# About this task
Without including any pictures, write out all the records word for word.

───── Data for review ─────

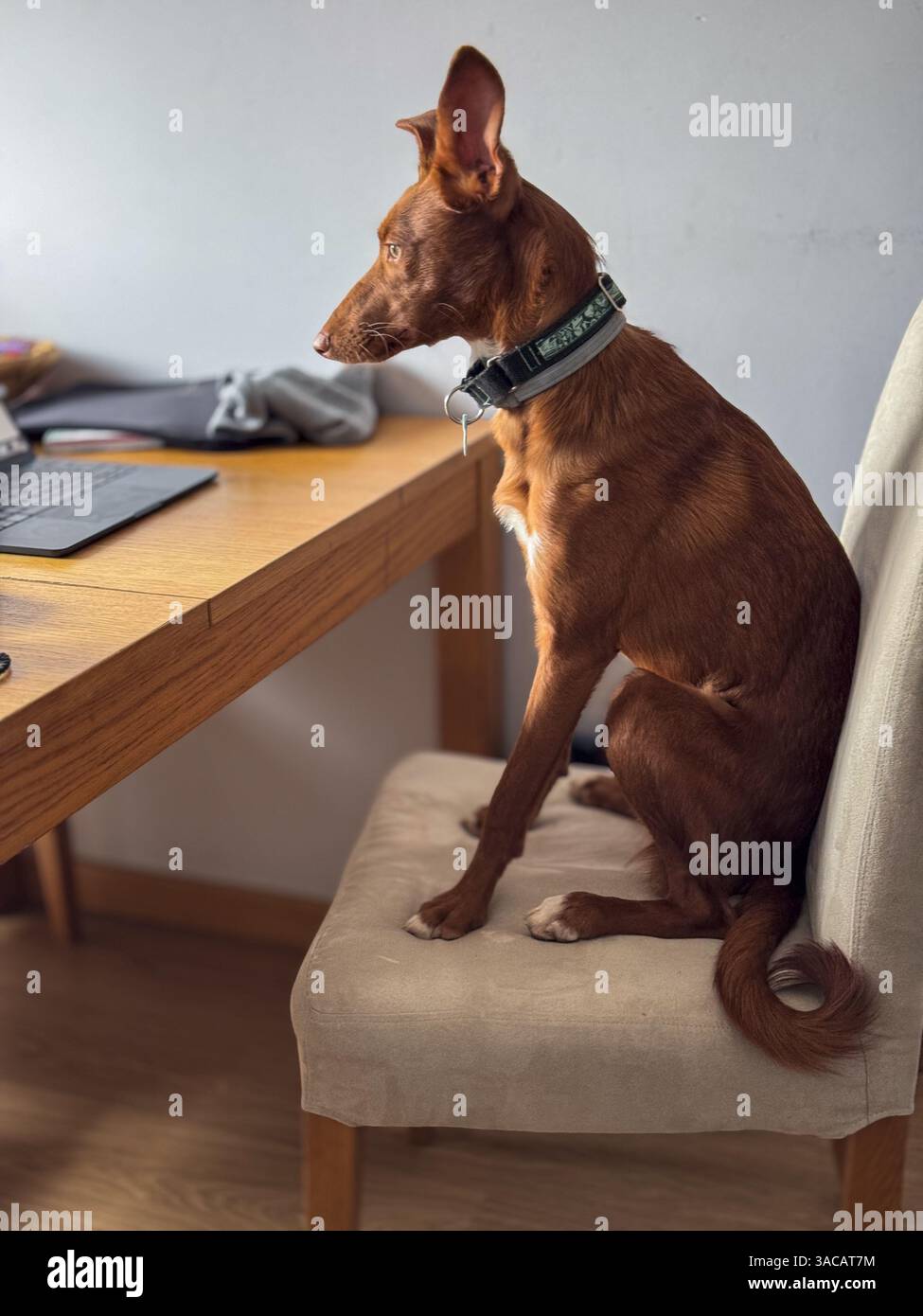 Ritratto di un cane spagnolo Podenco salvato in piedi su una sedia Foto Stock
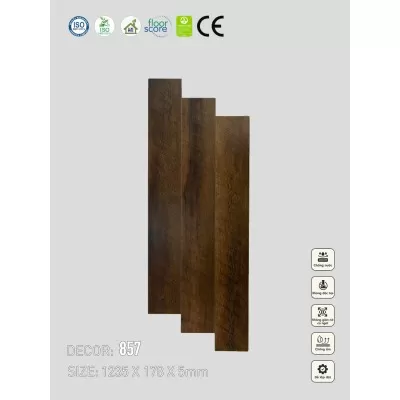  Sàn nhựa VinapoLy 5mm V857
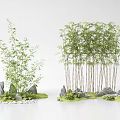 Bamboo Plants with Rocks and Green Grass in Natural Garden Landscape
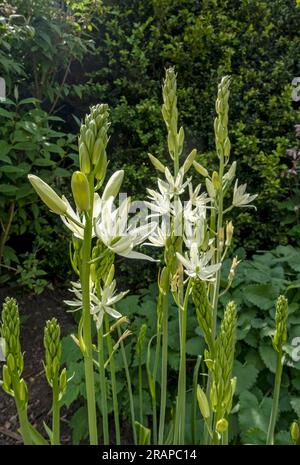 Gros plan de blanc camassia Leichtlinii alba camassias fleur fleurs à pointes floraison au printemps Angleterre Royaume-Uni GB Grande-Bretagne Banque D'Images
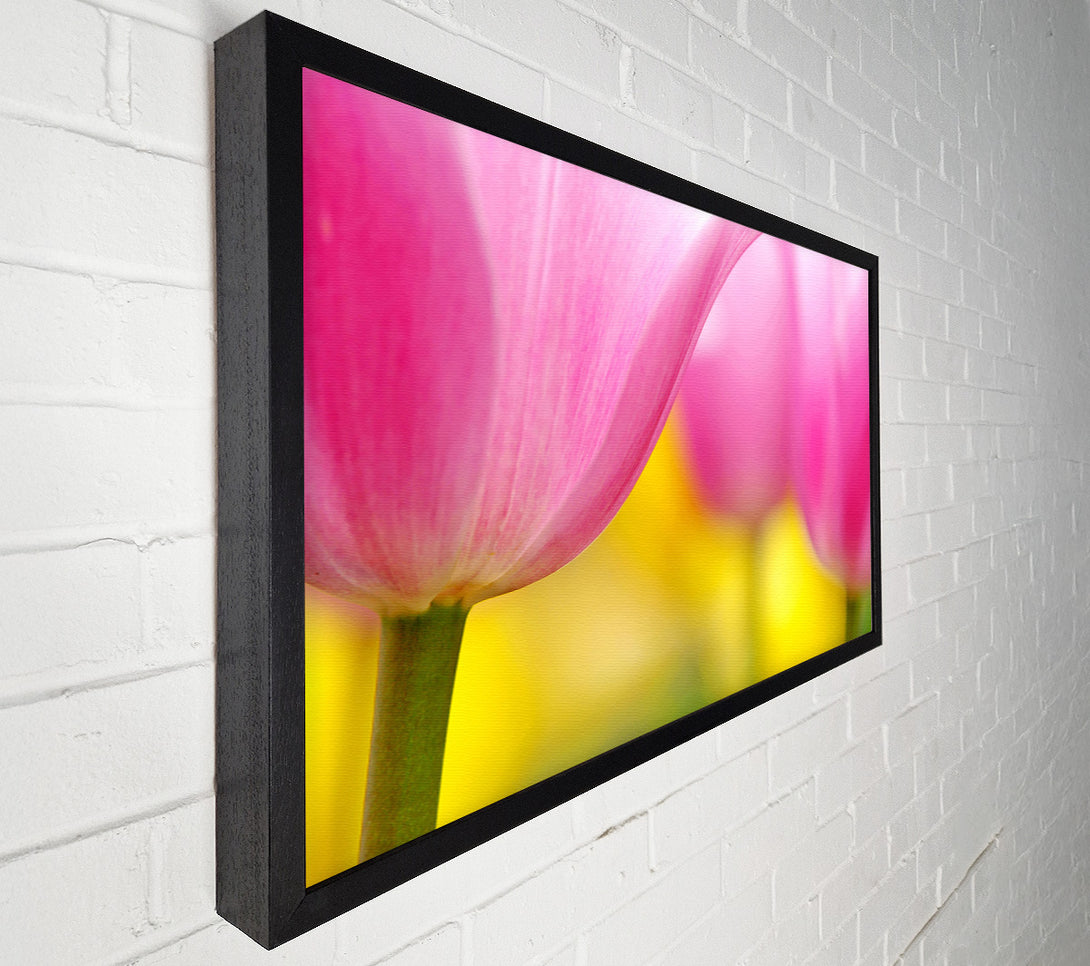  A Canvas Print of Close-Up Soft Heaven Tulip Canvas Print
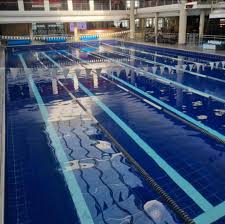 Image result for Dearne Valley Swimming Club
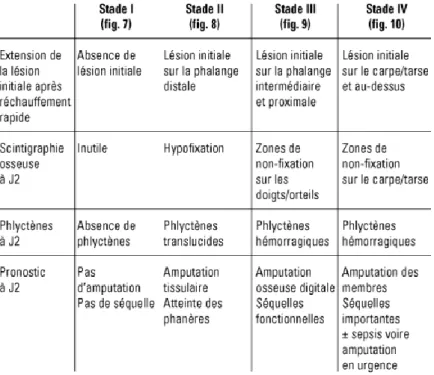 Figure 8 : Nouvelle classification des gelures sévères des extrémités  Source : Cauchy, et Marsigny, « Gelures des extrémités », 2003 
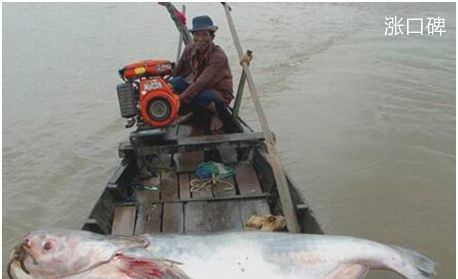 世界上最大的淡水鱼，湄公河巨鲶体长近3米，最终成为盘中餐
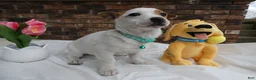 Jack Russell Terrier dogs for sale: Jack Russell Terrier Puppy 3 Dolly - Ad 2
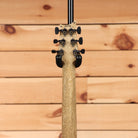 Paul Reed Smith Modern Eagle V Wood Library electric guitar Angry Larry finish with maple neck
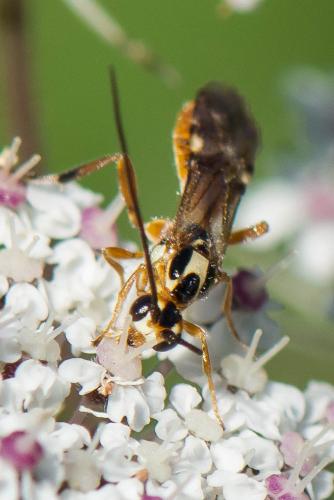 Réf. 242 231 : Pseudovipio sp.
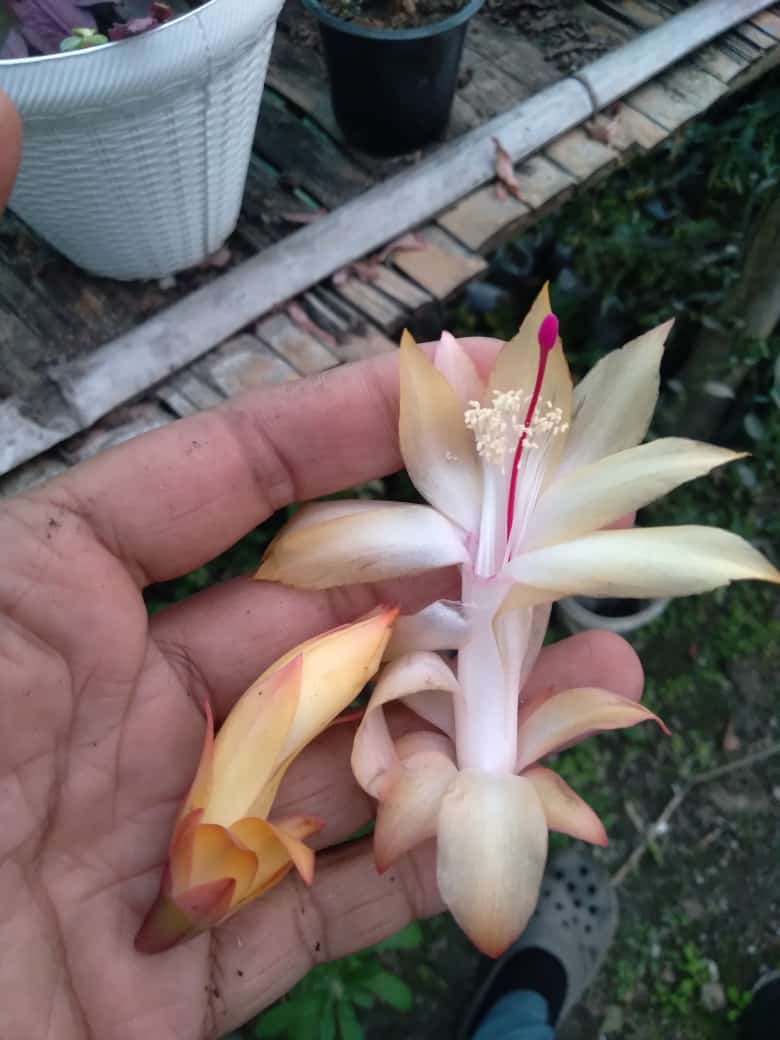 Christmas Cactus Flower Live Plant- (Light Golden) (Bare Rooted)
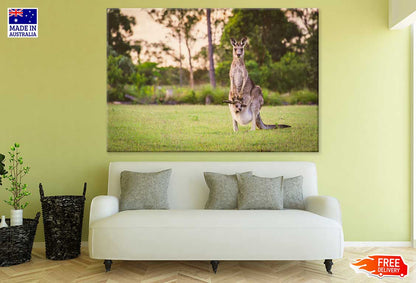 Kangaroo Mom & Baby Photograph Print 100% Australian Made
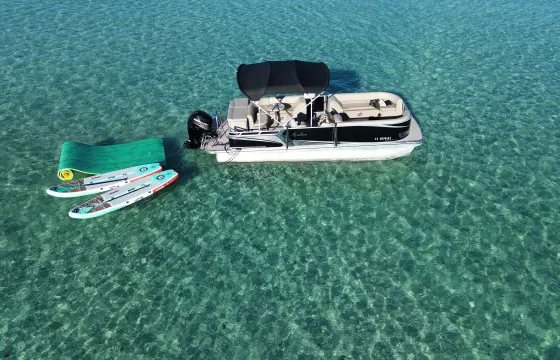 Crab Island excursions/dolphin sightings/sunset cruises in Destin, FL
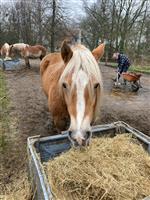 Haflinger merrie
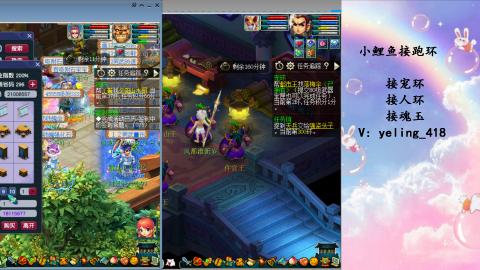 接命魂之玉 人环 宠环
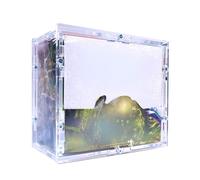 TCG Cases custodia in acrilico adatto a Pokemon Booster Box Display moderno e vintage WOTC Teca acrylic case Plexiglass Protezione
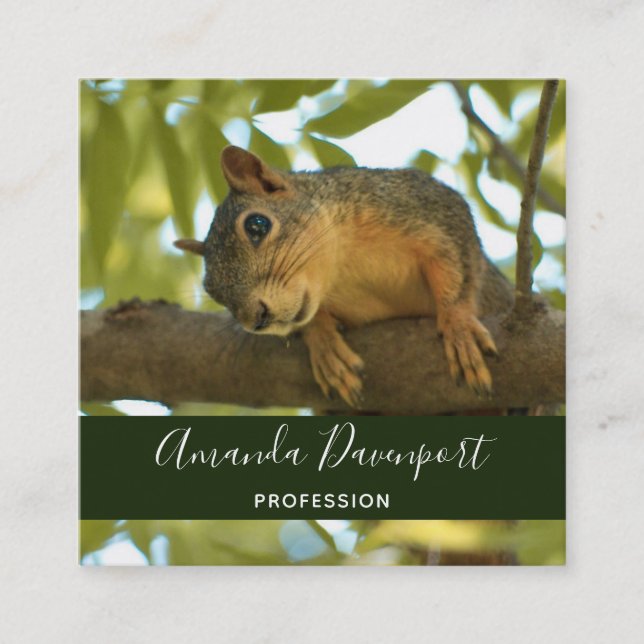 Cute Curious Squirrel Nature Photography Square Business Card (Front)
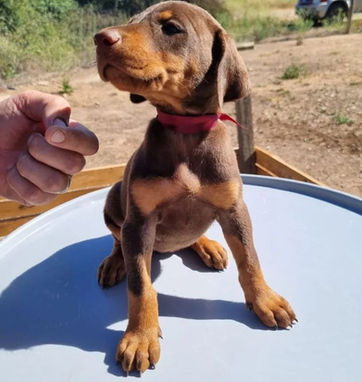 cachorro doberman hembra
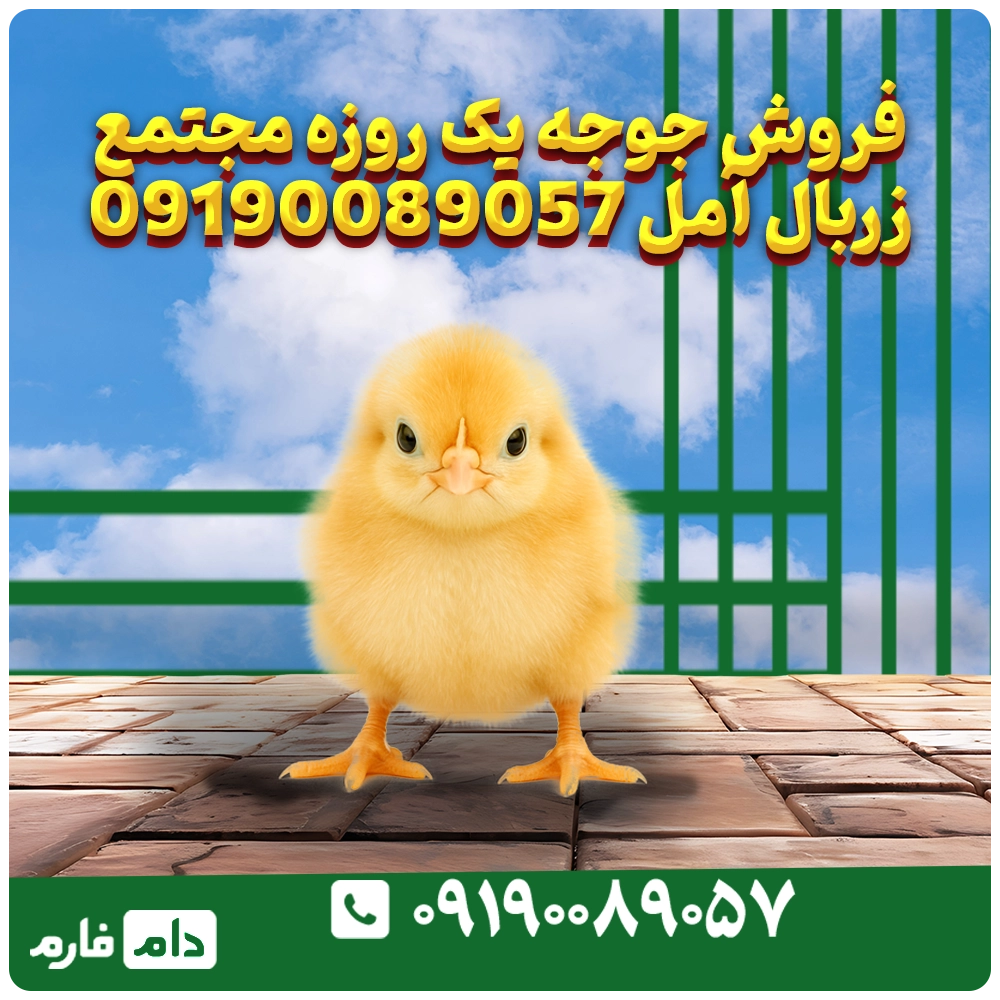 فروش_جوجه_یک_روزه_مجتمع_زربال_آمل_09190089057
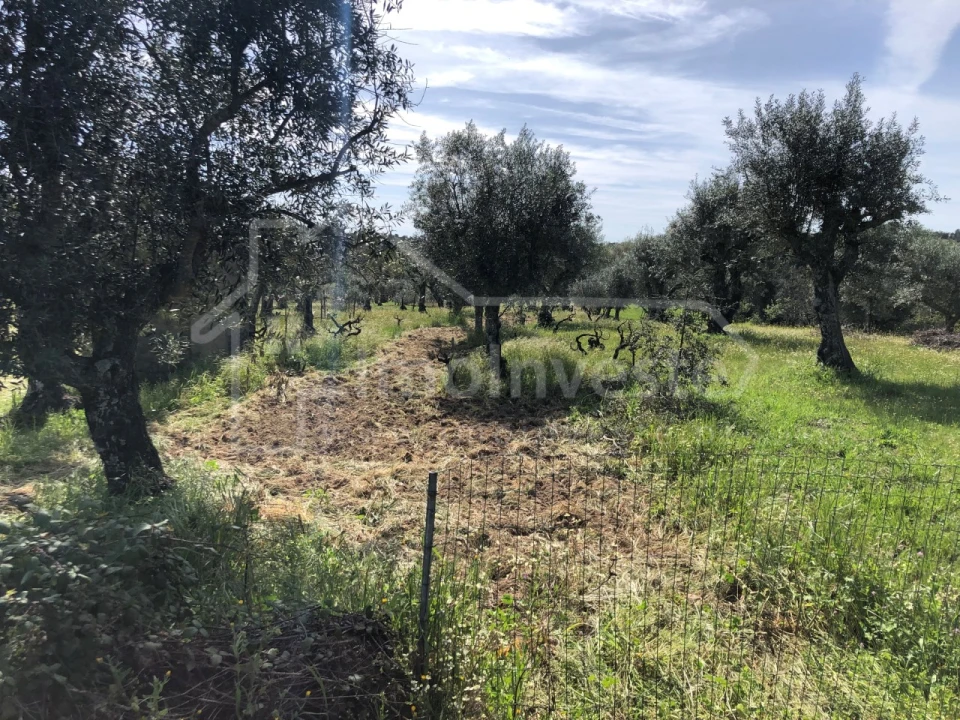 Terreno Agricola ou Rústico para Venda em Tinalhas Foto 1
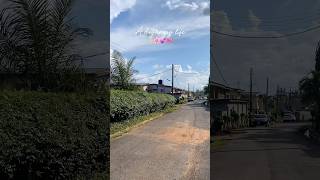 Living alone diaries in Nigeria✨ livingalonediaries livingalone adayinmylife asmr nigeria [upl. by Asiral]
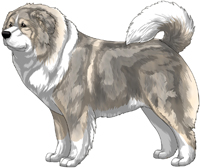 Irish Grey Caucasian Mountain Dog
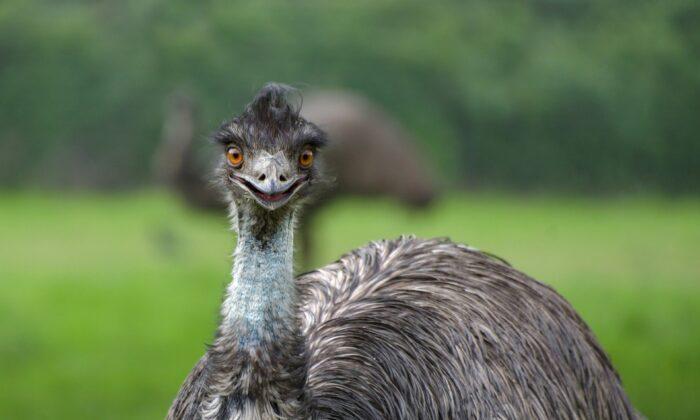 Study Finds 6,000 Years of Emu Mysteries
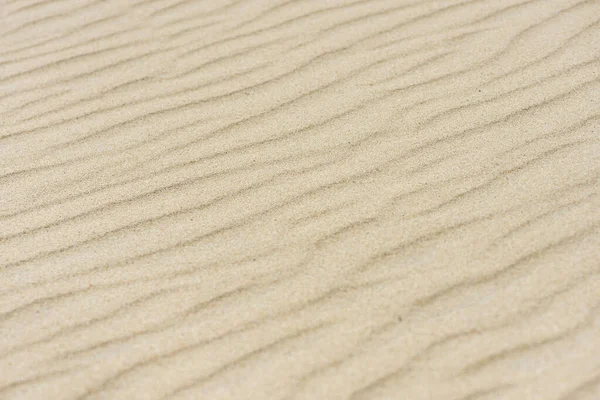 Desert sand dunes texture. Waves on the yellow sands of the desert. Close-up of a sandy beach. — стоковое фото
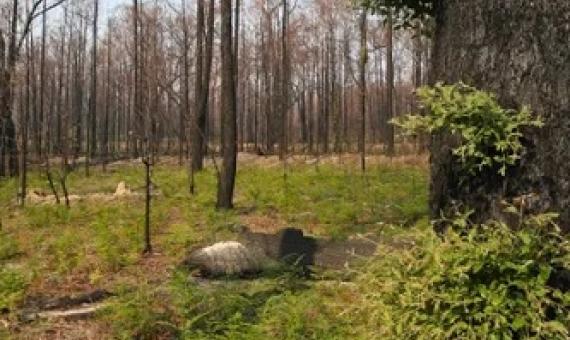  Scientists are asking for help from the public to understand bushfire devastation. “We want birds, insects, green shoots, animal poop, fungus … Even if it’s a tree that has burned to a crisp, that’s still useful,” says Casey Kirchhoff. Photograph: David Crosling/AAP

─────

# Response to the exercise
 Ritratto di un cane spagnolo Podenco salvato in piedi su una sedia Foto Stock
  Sàn nhựa VinapoLy 5mm V857
 Bamboo Plants with Rocks and Green Grass in Natural Garden Landscape
 Gros plan de blanc camassia Leichtlinii alba camassias fleur fleurs à pointes floraison au printemps Angleterre Royaume-Uni GB Grande-Bretagne Banque D'Images
  A Canvas Print of Close-Up Soft Heaven Tulip Canvas Print
 Image result for Dearne Valley Swimming Club
 Figure 8 : Nouvelle classification des gelures sévères des extrémités  Source : Cauchy, et Marsigny, « Gelures des extrémités », 2003 
 世界上最大的淡水鱼，湄公河巨鲶体长近3米，最终成为盘中餐
 Jack Russell Terrier dogs for sale: Jack Russell Terrier Puppy 3 Dolly - Ad 2
 Paul Reed Smith Modern Eagle V Wood Library electric guitar Angry Larry finish with maple neck
 Réf. 242 231 : Pseudovipio sp.
 Christmas Cactus Flower Live Plant- (Light Golden) (Bare Rooted)
 Kangaroo Mom & Baby Photograph Print 100% Australian Made
 Crab Island excursions/dolphin sightings/sunset cruises in Destin, FL
 Haflinger merrie
 接命魂之玉 人环 宠环
 TCG Cases custodia in acrilico adatto a Pokemon Booster Box Display moderno e vintage WOTC Teca acrylic case Plexiglass Protezione
 Cute Curious Squirrel Nature Photography Square Business Card (Front)
 cachorro doberman hembra
 فروش_جوجه_یک_روزه_مجتمع_زربال_آمل_09190089057
 Terreno Agricola ou Rústico para Venda em Tinalhas Foto 1
 Living alone diaries in Nigeria✨ livingalonediaries livingalone adayinmylife asmr nigeria [upl. by Asiral]
 Irish Grey Caucasian Mountain Dog
 Study Finds 6,000 Years of Emu Mysteries
 Desert sand dunes texture. Waves on the yellow sands of the desert. Close-up of a sandy beach. — стоковое фото
  Scientists are asking for help from the public to understand bushfire devastation. “We want birds, insects, green shoots, animal poop, fungus … Even if it’s a tree that has burned to a crisp, that’s still useful,” says Casey Kirchhoff. Photograph: David Crosling/AAP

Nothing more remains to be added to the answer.